The first stage presents itself as Werkbit Setup, a disk image that pretends to install a meeting and collaboration app. The executable, called veltod, carries a valid Developer ID registered to Emil Grigorov and an attached notarization ticket; even the DMG is signed, a rare step in malicious distribution where the container usually remains unsigned. The download is hosted on werkbit.io, a domain registered at the end of June 2026, and is protected by a meeting PIN: the installer is served only to those arriving with the correct code, not to any random visitor or automatic scanners.

Once the package is opened, veltod contacts a GitHub repository (mgothiclove/pkeys) and retrieves a configuration file with the command to be executed via curl. From there, it downloads an obfuscated script from endpoint-api-v1.com, which in turn fetches the actual payload, CrashReporter.dmg, saves it in /tmp, remounts it in a hidden folder, removes the original signature, and re-signs it ad-hoc before launching it. Hosting the first jump on a trusted domain for developers like GitHub helps keep the initial network activity under the radar.

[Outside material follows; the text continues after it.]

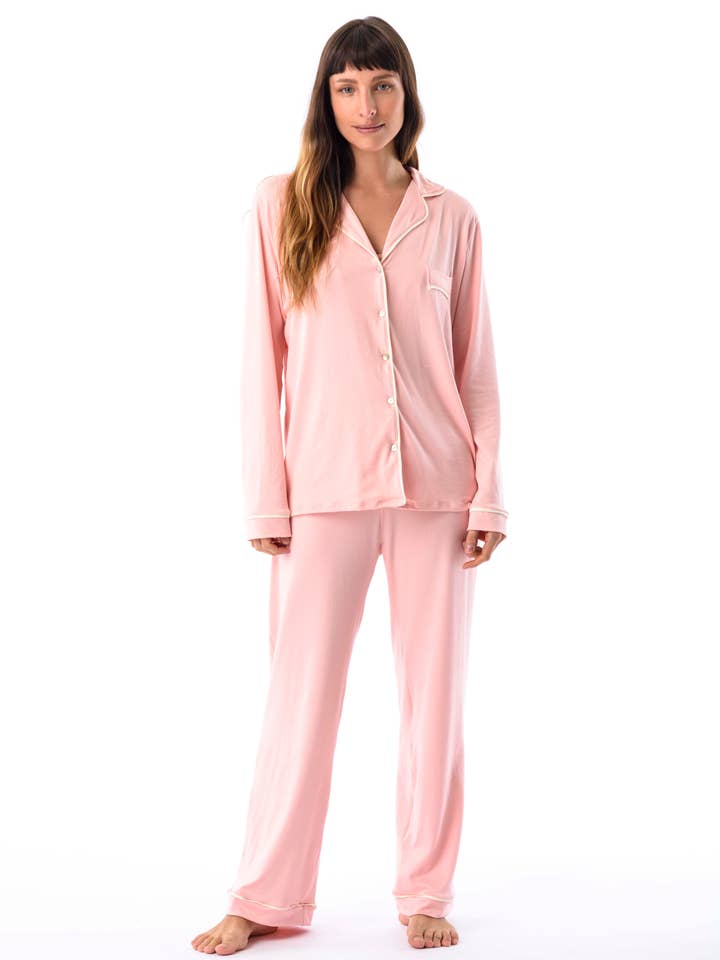 Donatella - Conjunto pijama largo modal para venta al por mayor de Jibona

A fake CrashReporter asking for the password

The payload disguises itself as an Apple system component: bundle identifier com.apple.crashreporter, mimicking the icon and name of macOS's CrashReporter. Unlike the notarized dropper, however, it only carries an ad-hoc signature and is executed from a hidden directory under /private/tmp. Since crash reporting tools are already included in macOS, an externally downloaded CrashReporter.dmg is a suspicious signal in itself.

At startup, the malware displays a macOS-style password prompt, presenting it as a legitimate system authorization. The credential entered is validated locally with dscl, Apple’s Directory Service command: if it’s incorrect, the prompt reappears; if it’s correct, it unlocks the login keychain, the encrypted vault that holds Safari logins, Wi-Fi passwords, private keys, and certificates. Full disk access is requested with a rationale shown in the permission texts, presenting it as necessary "for system administration": a formulation designed to make an altogether dubious request appear ordinary.

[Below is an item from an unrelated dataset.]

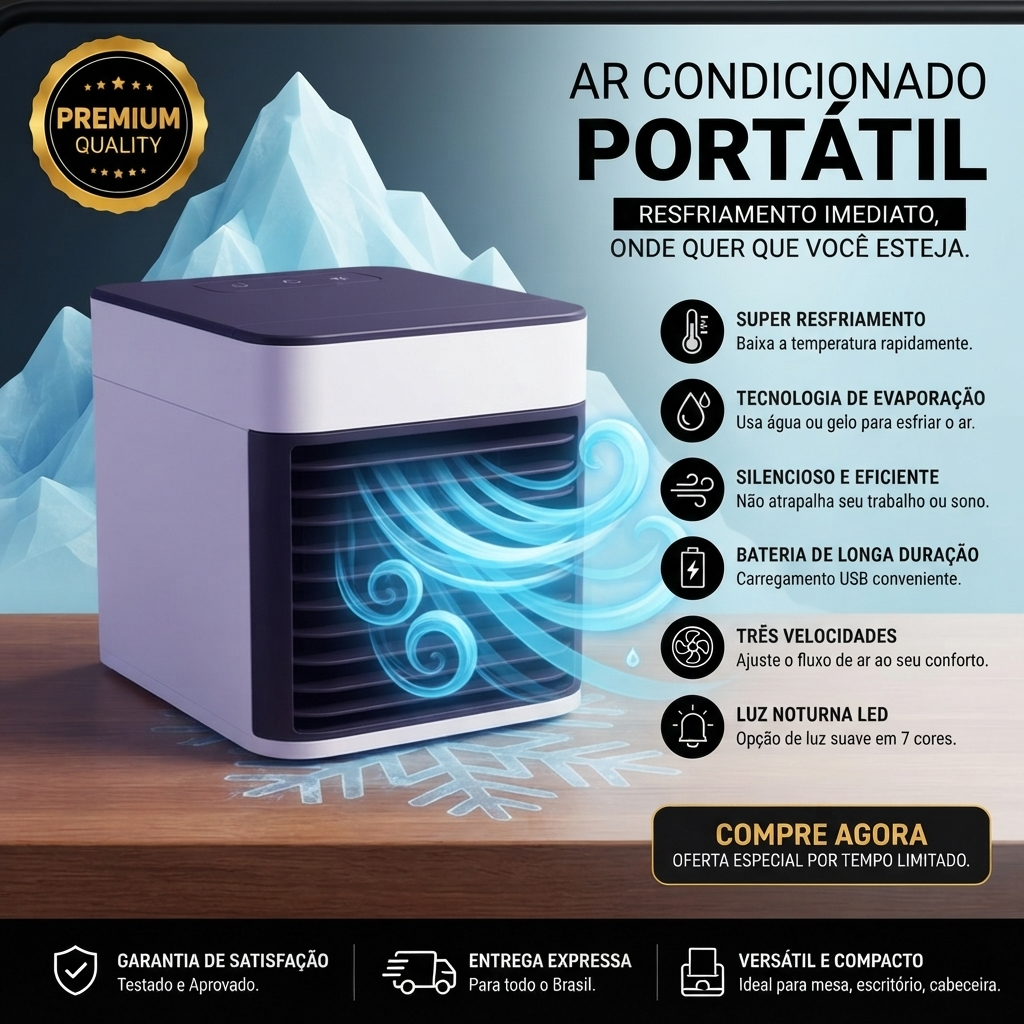 Mini Ar Condicionado Portátil 3 em 1 R – Umidificador, Ventilador e Climatizador USB Escritório Mesa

From there, the collection expands.

Jamf found code targeting Chromium family browsers and Firefox (profiles, cookies, saved credentials, extension data), about 80 cryptocurrency wallet extensions such as MetaMask, Phantom, Coinbase, Trust Wallet, Rabby, Exodus, and Solflare, and 14 password managers, including 1Password, Bitwarden, LastPass, Dashlane, Keeper, KeePassXC, and NordPass. A separate component scours Documents and Downloads for valuable material, deliberately skipping media files, installers, and system folders to contain the size of the archive.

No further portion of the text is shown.